#### Work to be completed
Your answer is the lines below, exactly, from the one that contains "Hailey added a photo of their purchase" through the one that contains "Başkanı Arat: Birlik", both included.

#### Records supplied
++++++++++++++++++++

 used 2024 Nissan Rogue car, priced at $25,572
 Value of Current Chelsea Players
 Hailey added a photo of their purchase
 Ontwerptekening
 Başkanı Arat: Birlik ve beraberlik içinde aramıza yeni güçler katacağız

++++++++++++++++++++

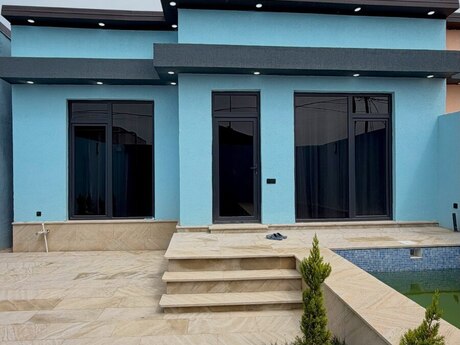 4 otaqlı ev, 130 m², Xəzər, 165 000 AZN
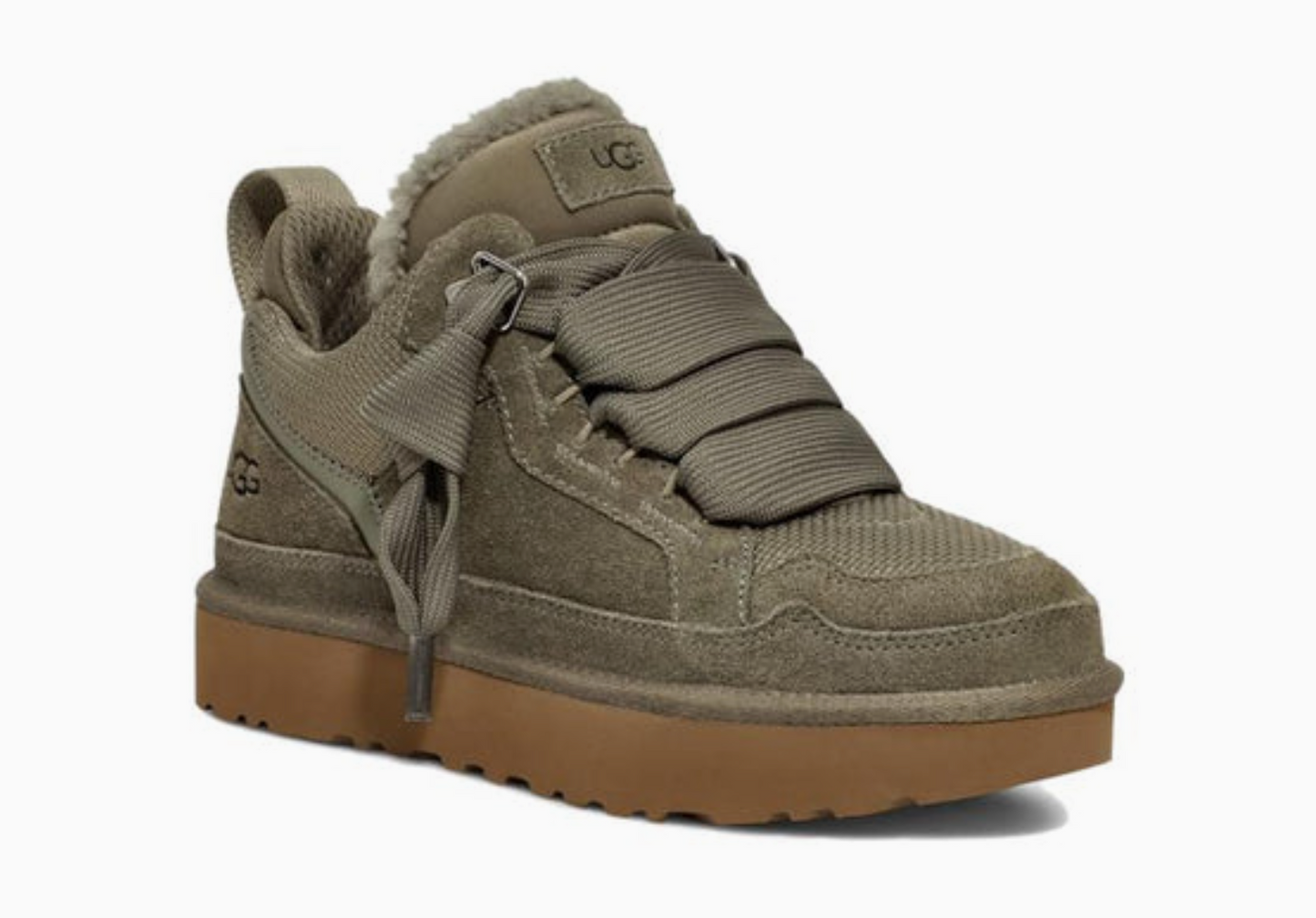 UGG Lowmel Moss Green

++++++++++++++++++++

#### Written response
 Hailey added a photo of their purchase
 Ontwerptekening
 Başkanı Arat: Birlik ve beraberlik içinde aramıza yeni güçler katacağız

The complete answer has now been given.